Records from a data source
┌────────
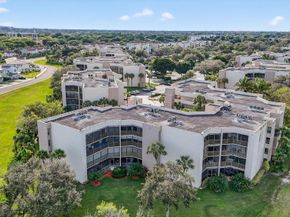 5650 Camino Del Sol 106, Boca Raton FL 33433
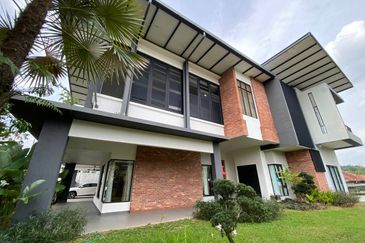 Impian Golf & Country Club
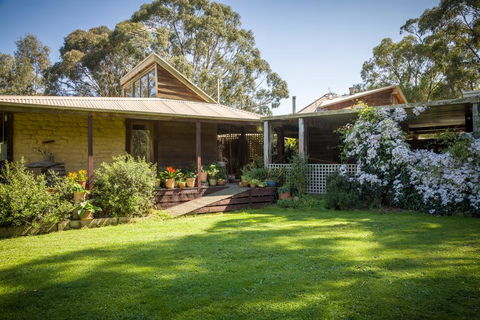 The Burrow At Wombat Bend - Accommodation Fremantle 2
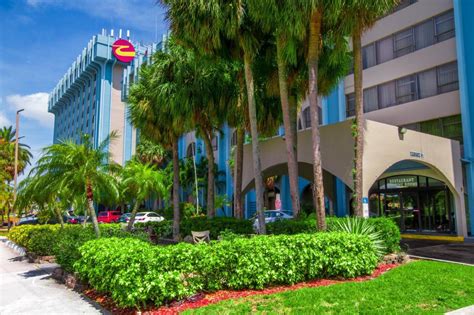 Clarion Inn & Suites Miami International Airport Amenities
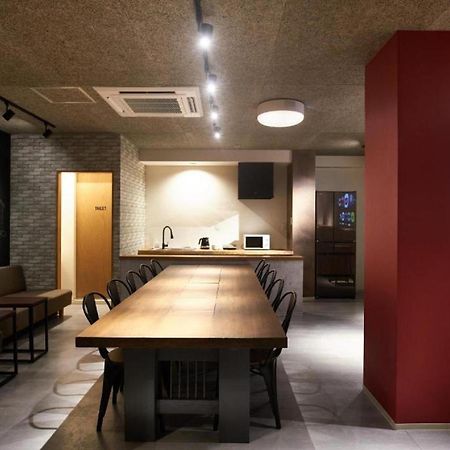 Shinsaibashi House Hotel โอซาก้า ภายนอก รูปภาพ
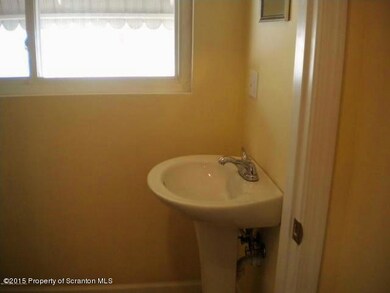 1605 Lafayette St, Scranton, PA 18504 - photo 5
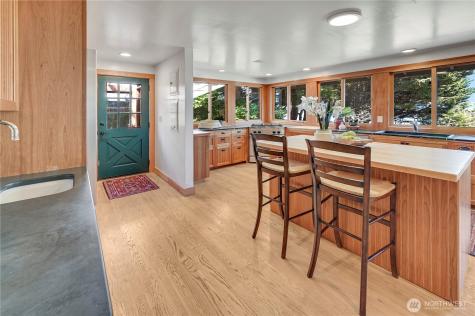 372 Schwartz Road Nordland WA 98358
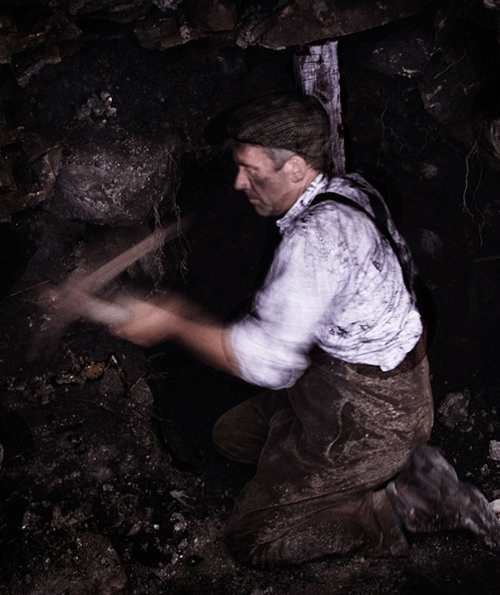 意大利礦工編造病癥請(qǐng)35年病假 退休后領(lǐng)全額退休金 意大利礦工編造病癥請(qǐng)35年病假 退休后領(lǐng)全額退休金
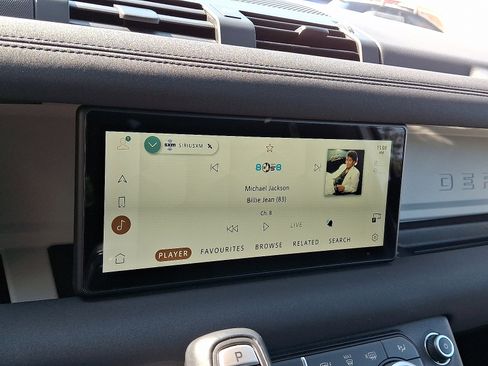 Used 2023 Land Rover Defender 110 X-Dynamic SE image 19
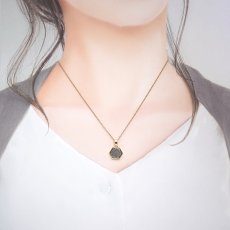 画像3: アルタイ隕石 ペンダントトップ 新疆ウイグル産 【 一点物 】 Altai meteorite 六角形 隕石 チャネリング 浄化 天然石 パワーストーン カラーストーン (3)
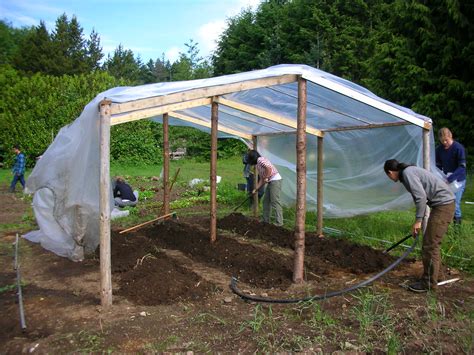 Equipment & Structures | The Garden Archives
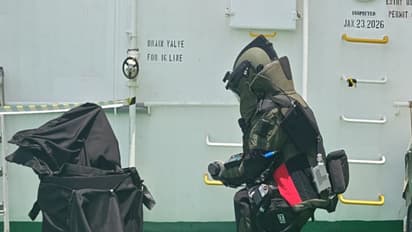 Indian Navy recovers and safely disposes of an unexploded missile warhead from the crude oil tanker MT Olympic Life (Photo/Indian Navy)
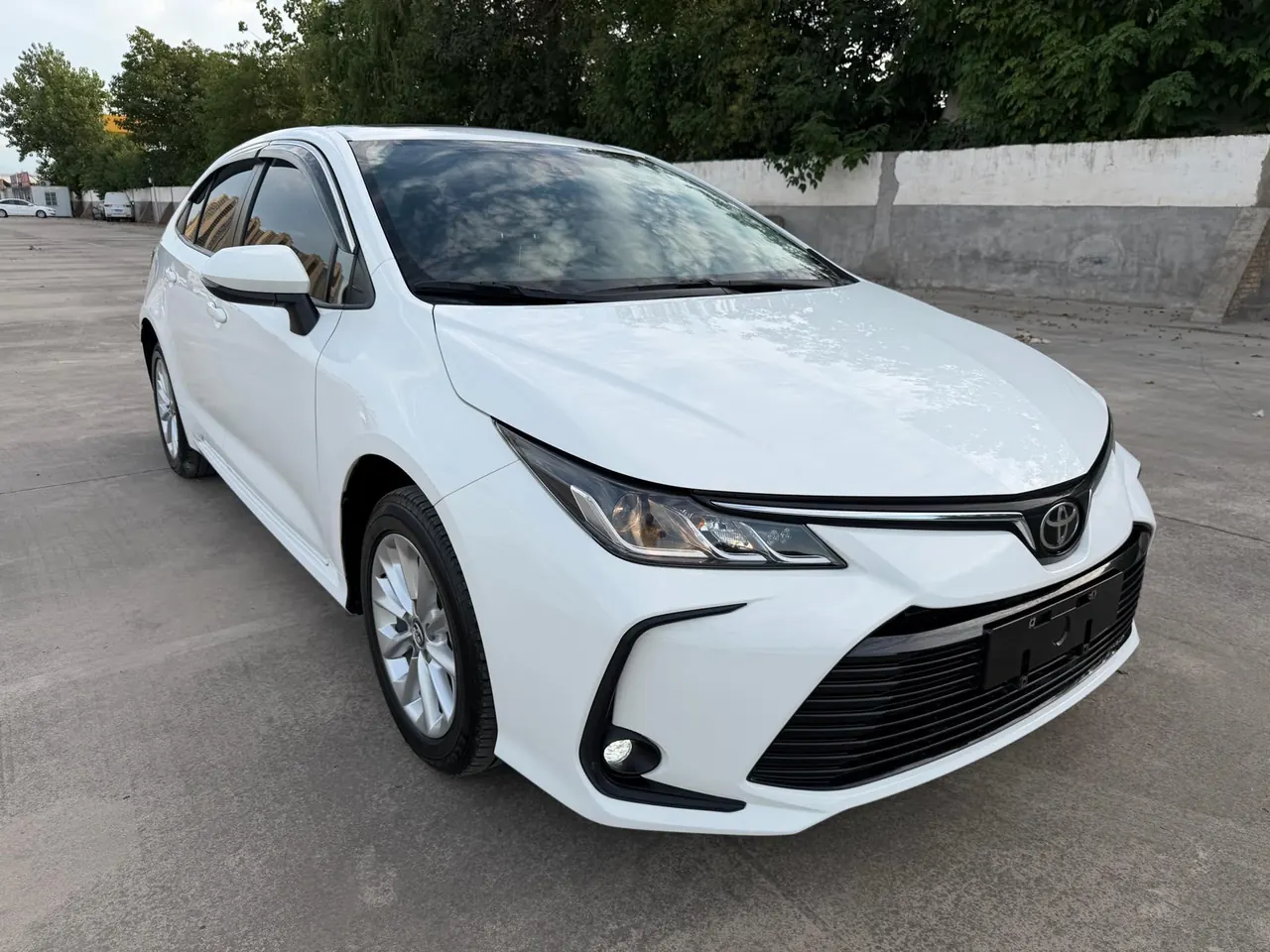 Toyota 2022 corolla 1.2T stepless pioneer PLUS version automatic gear 2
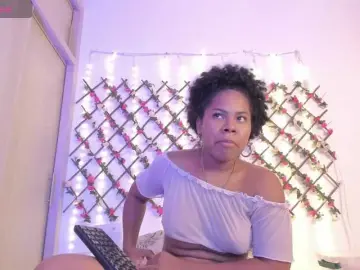 Bongacams Sex Cam of naughtyebonyy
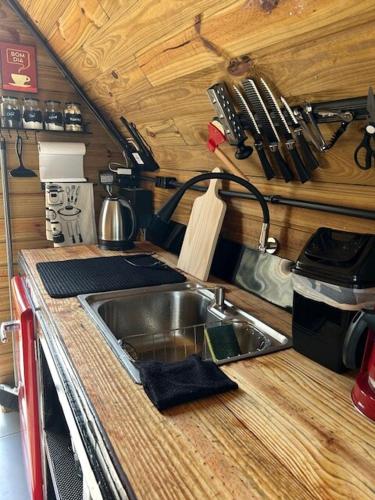 Dapur atau dapur kecil di Chalé aconchegante em madeira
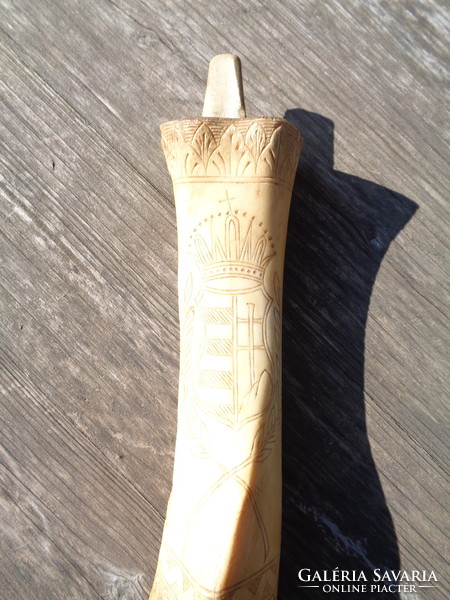 Antique carved gunpowder holder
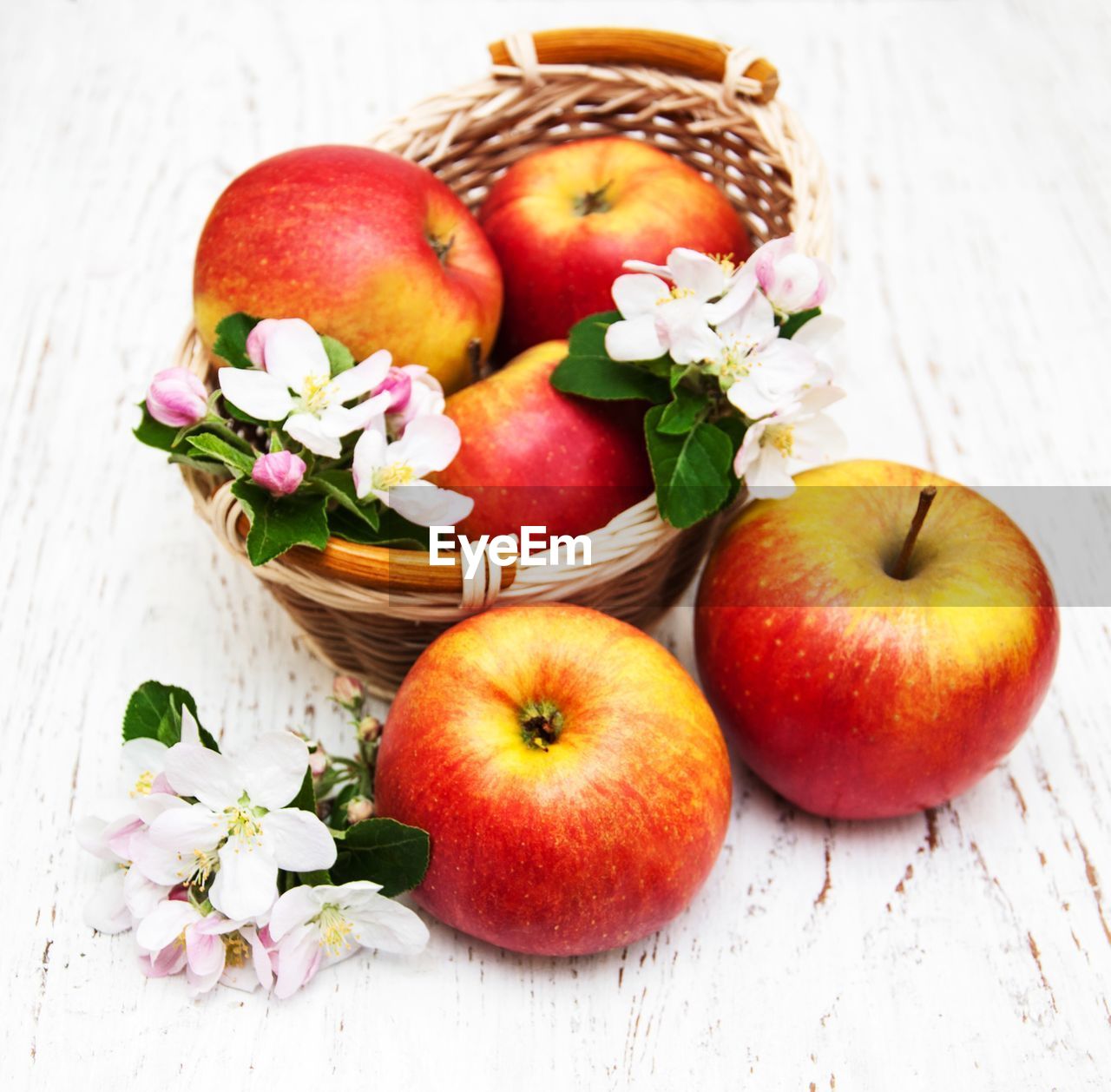 VIEW OF APPLES IN BASKET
└────────
Leave every picture out, and transcribe the data above exactly as it reads.

 5650 Camino Del Sol 106, Boca Raton FL 33433
 Impian Golf & Country Club
 The Burrow At Wombat Bend - Accommodation Fremantle 2
 Clarion Inn & Suites Miami International Airport Amenities
 Shinsaibashi House Hotel โอซาก้า ภายนอก รูปภาพ
 1605 Lafayette St, Scranton, PA 18504 - photo 5
 372 Schwartz Road Nordland WA 98358
 意大利礦工編造病癥請(qǐng)35年病假 退休后領(lǐng)全額退休金 意大利礦工編造病癥請(qǐng)35年病假 退休后領(lǐng)全額退休金
 Used 2023 Land Rover Defender 110 X-Dynamic SE image 19
 画像3: アルタイ隕石 ペンダントトップ 新疆ウイグル産 【 一点物 】 Altai meteorite 六角形 隕石 チャネリング 浄化 天然石 パワーストーン カラーストーン (3)
 Equipment & Structures | The Garden Archives
 Indian Navy recovers and safely disposes of an unexploded missile warhead from the crude oil tanker MT Olympic Life (Photo/Indian Navy)
 Toyota 2022 corolla 1.2T stepless pioneer PLUS version automatic gear 2
 Bongacams Sex Cam of naughtyebonyy
 Dapur atau dapur kecil di Chalé aconchegante em madeira
 Antique carved gunpowder holder
 VIEW OF APPLES IN BASKET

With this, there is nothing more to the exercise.